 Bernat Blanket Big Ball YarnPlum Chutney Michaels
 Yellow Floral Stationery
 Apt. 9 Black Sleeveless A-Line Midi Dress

==

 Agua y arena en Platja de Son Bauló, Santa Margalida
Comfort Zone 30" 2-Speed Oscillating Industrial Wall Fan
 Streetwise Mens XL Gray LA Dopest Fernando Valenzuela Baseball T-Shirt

(WHAT TO DO): For the material above, reproduce exactly the lines from the line with "Bernat Blanket Big" to the line with "Apt. 9 Black Sleeveless A-Line Midi Dress", inclusive, and exclude all others.

(RESPONSE):
 Bernat Blanket Big Ball YarnPlum Chutney Michaels
 Yellow Floral Stationery
 Apt. 9 Black Sleeveless A-Line Midi Dress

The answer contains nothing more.